Data excerpts
════════

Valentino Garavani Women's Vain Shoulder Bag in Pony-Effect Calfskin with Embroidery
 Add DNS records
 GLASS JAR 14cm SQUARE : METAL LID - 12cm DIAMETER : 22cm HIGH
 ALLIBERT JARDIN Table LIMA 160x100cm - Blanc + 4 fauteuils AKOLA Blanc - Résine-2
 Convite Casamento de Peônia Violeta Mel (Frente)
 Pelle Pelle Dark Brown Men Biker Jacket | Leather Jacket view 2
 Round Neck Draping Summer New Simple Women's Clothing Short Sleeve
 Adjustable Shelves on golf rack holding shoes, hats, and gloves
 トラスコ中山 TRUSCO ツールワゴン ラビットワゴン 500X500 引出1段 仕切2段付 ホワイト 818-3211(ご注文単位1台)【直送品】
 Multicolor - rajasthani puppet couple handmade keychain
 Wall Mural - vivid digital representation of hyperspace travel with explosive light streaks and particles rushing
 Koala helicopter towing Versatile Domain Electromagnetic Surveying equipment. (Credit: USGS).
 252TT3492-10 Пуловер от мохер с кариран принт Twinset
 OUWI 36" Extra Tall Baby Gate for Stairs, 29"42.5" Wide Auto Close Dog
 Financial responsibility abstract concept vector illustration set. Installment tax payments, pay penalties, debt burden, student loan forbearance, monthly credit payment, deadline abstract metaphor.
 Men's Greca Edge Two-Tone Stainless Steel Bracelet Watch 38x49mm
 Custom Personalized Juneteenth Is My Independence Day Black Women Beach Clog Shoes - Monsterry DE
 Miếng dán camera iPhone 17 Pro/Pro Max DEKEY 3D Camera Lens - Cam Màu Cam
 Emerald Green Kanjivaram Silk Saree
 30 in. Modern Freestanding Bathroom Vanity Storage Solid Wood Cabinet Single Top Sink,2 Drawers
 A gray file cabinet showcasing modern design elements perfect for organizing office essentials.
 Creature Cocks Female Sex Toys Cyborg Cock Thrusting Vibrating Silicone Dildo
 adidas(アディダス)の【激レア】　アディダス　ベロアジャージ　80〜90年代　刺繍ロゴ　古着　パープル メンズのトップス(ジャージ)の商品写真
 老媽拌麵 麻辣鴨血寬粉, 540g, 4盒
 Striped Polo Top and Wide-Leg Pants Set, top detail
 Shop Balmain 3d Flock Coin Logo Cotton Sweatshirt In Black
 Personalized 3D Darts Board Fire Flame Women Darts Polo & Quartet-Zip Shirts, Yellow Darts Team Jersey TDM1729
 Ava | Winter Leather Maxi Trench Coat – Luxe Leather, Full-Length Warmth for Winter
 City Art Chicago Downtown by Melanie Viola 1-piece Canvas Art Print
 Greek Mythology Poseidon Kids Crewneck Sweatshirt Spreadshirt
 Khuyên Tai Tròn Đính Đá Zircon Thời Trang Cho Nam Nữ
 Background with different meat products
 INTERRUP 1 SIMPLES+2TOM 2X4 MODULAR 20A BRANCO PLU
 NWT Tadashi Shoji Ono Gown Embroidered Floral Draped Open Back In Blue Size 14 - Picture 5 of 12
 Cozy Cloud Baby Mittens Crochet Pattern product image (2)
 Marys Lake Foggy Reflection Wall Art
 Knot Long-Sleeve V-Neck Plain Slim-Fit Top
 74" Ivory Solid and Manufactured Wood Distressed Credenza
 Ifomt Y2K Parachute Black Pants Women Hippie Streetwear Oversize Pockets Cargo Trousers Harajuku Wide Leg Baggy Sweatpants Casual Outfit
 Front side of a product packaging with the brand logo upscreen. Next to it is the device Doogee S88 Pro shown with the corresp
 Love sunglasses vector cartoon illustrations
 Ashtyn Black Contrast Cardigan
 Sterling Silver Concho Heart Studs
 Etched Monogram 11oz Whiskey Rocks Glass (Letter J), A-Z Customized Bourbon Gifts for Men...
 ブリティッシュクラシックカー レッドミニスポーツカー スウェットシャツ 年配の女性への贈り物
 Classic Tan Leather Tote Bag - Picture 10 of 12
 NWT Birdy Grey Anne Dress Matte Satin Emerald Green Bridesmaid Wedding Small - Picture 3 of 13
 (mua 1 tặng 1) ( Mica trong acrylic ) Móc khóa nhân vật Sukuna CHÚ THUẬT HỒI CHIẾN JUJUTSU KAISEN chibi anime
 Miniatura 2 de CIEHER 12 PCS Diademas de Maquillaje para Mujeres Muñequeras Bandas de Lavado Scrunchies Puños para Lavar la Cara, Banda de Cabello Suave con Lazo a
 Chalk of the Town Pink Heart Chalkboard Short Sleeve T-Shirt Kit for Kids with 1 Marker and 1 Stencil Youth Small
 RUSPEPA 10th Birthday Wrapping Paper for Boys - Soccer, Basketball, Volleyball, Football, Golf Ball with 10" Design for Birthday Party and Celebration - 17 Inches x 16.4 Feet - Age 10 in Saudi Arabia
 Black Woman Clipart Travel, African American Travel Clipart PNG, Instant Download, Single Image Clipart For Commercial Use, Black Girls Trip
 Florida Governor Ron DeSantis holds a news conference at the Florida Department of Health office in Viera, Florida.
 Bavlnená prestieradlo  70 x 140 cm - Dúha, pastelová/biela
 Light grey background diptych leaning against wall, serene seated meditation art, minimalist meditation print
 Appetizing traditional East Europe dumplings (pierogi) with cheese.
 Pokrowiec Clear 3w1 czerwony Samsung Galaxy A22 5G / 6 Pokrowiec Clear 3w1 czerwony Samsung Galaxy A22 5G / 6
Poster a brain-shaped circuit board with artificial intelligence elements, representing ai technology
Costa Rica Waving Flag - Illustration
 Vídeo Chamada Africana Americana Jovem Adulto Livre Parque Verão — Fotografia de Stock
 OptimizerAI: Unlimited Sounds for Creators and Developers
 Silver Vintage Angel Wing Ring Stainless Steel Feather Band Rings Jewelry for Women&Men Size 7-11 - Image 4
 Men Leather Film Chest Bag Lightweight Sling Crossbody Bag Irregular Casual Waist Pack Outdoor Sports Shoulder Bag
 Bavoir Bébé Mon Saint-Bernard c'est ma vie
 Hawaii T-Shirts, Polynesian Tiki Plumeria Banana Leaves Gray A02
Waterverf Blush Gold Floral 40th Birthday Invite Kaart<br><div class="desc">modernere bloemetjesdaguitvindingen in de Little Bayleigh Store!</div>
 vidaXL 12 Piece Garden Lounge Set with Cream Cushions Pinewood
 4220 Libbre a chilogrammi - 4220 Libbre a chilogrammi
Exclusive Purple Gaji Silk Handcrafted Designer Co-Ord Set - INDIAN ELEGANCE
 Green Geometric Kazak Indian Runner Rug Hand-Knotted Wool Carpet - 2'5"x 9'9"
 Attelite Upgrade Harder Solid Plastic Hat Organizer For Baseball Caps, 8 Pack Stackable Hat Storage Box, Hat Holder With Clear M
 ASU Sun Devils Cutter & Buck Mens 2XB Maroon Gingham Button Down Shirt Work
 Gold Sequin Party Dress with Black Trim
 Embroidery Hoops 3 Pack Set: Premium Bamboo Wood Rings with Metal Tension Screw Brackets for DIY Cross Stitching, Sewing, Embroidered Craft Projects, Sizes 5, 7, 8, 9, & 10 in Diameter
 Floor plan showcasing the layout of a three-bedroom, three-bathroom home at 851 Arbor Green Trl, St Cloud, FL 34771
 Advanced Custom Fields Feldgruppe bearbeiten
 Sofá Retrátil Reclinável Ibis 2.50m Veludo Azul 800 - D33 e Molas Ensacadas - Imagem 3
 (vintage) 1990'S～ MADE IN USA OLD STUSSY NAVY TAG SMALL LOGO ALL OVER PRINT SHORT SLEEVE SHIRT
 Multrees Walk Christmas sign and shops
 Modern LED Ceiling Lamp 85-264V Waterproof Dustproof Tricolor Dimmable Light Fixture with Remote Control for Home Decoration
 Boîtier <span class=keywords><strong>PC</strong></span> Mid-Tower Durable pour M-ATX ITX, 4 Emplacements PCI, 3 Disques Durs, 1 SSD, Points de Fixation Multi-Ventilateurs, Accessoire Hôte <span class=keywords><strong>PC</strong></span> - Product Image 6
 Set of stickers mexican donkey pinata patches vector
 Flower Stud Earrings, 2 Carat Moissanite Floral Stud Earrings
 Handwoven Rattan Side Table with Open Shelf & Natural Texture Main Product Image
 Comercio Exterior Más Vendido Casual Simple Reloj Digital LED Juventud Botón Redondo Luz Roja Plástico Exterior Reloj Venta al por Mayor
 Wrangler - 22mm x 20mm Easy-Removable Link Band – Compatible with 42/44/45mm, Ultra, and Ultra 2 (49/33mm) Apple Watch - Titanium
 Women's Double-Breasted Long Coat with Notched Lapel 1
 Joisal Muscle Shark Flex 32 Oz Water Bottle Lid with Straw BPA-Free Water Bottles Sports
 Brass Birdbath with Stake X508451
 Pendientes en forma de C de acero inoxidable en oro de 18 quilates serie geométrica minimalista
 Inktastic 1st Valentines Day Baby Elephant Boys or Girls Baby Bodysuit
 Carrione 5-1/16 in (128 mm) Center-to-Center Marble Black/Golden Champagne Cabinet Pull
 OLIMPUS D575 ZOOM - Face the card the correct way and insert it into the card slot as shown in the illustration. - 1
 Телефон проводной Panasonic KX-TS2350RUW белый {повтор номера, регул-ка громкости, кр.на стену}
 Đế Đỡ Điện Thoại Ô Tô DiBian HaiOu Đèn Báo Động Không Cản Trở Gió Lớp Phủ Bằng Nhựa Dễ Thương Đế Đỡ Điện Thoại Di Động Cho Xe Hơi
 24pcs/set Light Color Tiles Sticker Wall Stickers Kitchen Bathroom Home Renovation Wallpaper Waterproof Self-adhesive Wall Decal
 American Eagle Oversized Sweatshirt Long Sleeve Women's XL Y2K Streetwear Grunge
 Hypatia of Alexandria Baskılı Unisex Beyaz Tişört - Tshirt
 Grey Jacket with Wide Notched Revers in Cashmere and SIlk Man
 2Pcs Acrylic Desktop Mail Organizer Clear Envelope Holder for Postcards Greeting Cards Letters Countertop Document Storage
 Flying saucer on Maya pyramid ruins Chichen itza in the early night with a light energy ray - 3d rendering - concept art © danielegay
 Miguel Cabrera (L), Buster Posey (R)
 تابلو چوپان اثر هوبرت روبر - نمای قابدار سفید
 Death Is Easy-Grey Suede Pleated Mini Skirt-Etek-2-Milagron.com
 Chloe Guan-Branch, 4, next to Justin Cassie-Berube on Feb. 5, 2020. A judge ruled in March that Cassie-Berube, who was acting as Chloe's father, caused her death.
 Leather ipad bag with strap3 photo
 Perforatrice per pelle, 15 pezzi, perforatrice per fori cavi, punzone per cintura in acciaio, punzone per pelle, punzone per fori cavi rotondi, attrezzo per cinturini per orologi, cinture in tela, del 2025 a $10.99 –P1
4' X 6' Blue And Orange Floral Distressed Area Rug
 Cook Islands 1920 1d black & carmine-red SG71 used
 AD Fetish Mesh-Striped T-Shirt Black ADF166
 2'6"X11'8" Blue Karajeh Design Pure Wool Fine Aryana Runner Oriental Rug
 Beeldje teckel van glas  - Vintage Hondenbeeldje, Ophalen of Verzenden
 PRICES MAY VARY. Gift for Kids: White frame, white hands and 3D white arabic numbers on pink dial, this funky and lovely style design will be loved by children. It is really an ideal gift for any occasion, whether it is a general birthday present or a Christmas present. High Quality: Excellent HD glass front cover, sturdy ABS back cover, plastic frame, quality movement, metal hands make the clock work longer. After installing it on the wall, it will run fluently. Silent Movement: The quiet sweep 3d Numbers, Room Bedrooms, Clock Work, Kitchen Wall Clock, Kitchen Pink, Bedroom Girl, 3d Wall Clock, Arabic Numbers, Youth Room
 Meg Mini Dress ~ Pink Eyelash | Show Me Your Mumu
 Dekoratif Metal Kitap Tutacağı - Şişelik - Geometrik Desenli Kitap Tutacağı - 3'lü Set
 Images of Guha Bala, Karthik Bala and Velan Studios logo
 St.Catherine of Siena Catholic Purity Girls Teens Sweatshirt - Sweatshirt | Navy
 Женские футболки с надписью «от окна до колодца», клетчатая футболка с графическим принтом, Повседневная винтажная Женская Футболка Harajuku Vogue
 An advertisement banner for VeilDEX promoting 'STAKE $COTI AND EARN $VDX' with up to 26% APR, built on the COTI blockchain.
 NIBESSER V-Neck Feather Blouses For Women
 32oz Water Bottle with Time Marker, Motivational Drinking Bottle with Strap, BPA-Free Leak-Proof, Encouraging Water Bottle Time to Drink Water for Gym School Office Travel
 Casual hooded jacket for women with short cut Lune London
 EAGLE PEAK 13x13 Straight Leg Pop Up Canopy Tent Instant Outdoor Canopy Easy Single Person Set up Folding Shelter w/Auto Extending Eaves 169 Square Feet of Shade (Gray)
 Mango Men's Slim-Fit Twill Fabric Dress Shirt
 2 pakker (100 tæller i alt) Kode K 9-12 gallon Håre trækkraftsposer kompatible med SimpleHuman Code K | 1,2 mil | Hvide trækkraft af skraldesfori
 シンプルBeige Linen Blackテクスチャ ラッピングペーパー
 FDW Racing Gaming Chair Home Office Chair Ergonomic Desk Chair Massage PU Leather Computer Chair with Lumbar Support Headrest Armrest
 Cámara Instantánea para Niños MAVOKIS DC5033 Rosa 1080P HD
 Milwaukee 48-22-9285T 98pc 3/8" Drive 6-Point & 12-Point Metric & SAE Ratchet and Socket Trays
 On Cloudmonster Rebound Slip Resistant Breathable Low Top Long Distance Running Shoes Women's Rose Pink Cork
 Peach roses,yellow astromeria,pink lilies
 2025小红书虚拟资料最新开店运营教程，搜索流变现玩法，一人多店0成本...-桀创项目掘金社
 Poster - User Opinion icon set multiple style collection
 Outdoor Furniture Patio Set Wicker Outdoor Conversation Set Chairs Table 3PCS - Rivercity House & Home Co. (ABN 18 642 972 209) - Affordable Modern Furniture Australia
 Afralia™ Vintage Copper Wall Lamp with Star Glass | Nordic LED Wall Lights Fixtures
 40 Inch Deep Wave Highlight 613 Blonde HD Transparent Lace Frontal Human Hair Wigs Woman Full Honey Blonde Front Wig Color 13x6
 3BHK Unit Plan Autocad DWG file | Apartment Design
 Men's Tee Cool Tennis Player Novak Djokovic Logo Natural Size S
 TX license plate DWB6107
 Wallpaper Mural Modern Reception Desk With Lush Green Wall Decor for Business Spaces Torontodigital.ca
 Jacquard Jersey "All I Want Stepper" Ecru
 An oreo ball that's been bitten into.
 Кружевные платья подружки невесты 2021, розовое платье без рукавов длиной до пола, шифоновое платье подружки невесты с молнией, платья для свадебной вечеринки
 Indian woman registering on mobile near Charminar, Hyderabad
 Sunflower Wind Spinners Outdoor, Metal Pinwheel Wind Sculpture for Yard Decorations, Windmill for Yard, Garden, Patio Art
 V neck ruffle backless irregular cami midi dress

════════

▶ [YOUR INSTRUCTIONS]
The answer is the lines above between the line holding "Modern LED Ceiling" and the line holding "Comercio Exterior Más", inclusive, each written out exactly, and no others.

▶ [WRITTEN ANSWER]
 Modern LED Ceiling Lamp 85-264V Waterproof Dustproof Tricolor Dimmable Light Fixture with Remote Control for Home Decoration
 Boîtier <span class=keywords><strong>PC</strong></span> Mid-Tower Durable pour M-ATX ITX, 4 Emplacements PCI, 3 Disques Durs, 1 SSD, Points de Fixation Multi-Ventilateurs, Accessoire Hôte <span class=keywords><strong>PC</strong></span> - Product Image 6
 Set of stickers mexican donkey pinata patches vector
 Flower Stud Earrings, 2 Carat Moissanite Floral Stud Earrings
 Handwoven Rattan Side Table with Open Shelf & Natural Texture Main Product Image
 Comercio Exterior Más Vendido Casual Simple Reloj Digital LED Juventud Botón Redondo Luz Roja Plástico Exterior Reloj Venta al por Mayor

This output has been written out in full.